Quanto ao primeiro, ele deriva, como facilmente se percebeu – sabe-se desde há muito – do imperativo de vencer e de (supostamente) fazer melhor, e sempre por métodos naturais. Ora, eu pude – e já lá vão umas cinco ou seis décadas – defender, junto de José Esteves, numa sua palestra na sede de então d’Os Belenenses, este meu ponto de vista: os novos máximos desportivos, a partir de certo momento, só poderão ser conseguidos por via de fatores exteriores ao atleta e ao seu treino.

Acontece, porém, que estes fatores só lentamente se desenvolvem, o que acabou por determinar o recurso louco e sem moral à dopagem. Hoje, conhece-se já o suficiente para poder imaginar o que deverá ser a verdadeira realidade por detrás desta prática imoral e criminosa.
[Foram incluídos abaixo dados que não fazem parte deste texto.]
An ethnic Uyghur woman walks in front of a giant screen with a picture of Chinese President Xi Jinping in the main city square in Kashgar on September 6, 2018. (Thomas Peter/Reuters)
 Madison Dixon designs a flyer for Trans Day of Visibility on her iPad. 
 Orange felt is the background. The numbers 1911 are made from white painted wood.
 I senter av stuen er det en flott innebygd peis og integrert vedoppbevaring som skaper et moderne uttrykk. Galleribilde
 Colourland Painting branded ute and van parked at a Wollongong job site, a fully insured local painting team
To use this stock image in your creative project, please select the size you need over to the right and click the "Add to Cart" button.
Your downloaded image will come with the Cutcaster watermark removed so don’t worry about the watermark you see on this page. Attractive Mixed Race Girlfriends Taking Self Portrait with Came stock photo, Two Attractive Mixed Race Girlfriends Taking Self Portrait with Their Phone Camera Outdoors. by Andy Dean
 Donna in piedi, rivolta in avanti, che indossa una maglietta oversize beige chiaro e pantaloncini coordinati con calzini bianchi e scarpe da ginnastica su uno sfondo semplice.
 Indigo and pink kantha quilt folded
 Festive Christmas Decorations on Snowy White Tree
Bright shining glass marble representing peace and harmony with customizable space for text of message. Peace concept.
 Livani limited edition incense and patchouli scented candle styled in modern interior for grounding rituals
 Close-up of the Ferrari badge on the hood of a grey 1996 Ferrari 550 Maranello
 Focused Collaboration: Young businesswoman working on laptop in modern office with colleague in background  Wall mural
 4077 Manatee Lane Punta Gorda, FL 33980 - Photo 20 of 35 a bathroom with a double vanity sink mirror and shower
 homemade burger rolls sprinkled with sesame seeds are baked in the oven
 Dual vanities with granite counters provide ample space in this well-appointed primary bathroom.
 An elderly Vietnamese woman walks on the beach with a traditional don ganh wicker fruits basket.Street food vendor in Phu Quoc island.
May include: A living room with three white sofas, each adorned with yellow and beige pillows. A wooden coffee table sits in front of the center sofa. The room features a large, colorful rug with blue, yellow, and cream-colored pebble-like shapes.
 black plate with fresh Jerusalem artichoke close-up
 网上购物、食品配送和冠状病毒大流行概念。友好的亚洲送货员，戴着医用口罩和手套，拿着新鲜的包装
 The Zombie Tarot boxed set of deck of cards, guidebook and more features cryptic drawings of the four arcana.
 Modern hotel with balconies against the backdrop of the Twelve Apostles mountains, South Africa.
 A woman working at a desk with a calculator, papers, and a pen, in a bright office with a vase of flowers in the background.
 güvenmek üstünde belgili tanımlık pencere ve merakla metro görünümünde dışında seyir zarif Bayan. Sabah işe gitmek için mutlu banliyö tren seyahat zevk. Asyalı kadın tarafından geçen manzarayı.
É, no fundo, o preço da competitividade sem limites, que de pronto hipertrofiou o papel social do lucro, levando à procura de máximos por qualquer processo e feitio.

Mas olhemos, agora, o segundo caso citado ao início. Como se sabe – ainda hoje é assim –, o que é lá de fora é que é bom. Tal significaria, naquele tempo longínquo, que, a serem reconhecidos os títulos académicos obtidos fora de Portugal, de pronto por aqui nos surgiria uma miríade de supostas sumidades. Aliás, logo após a Revolução de 25 de Abril, surgiram terríveis lutas no seio das nossas academias ao redor da qualidade do trabalho produzido por portugueses que haviam vivido no exílio durante a II República. E se nos domínios da Sociologia e da Ciência Política ainda se veio a reconhecer, em Portugal, qualidade ao trabalho desses nossos concidadãos, já no das ciências exatas tudo acabou por dar em (quase) nada. Até no domínio da História.

Acontece, porém, que o acesso à universidade, nos Estados Unidos, é legalmente facultado a jovens cujos pais façam uma doação capaz à mesma, ainda que os filhos em causa não disponham das condições impostas, à entrada, à generalidade dos candidatos. E não me admiraria se, em Portugal, no domínio das universidades não públicas, esta prática pudesse ter lugar. No fundo, é a naturalíssima consequência do tudo privado.

O que estes professores fizeram foi o que também fizeram os gestores de grandes bancos, mesmo mundiais, hipertrofiando os lucros, de molde a conseguirem chorudos bónus. A grande diferença é que, neste caso, não tiveram lugar quaisquer condenações, uma vez que o sistema financeiro vive dessa mesma prática. Até porque, em caso de desgraça, pagamos nós. Talvez valha a pena que os professores ora condenados, logo que saiam da prisão, se determinem a criar um banco, mesmo que apenas estadual ao início.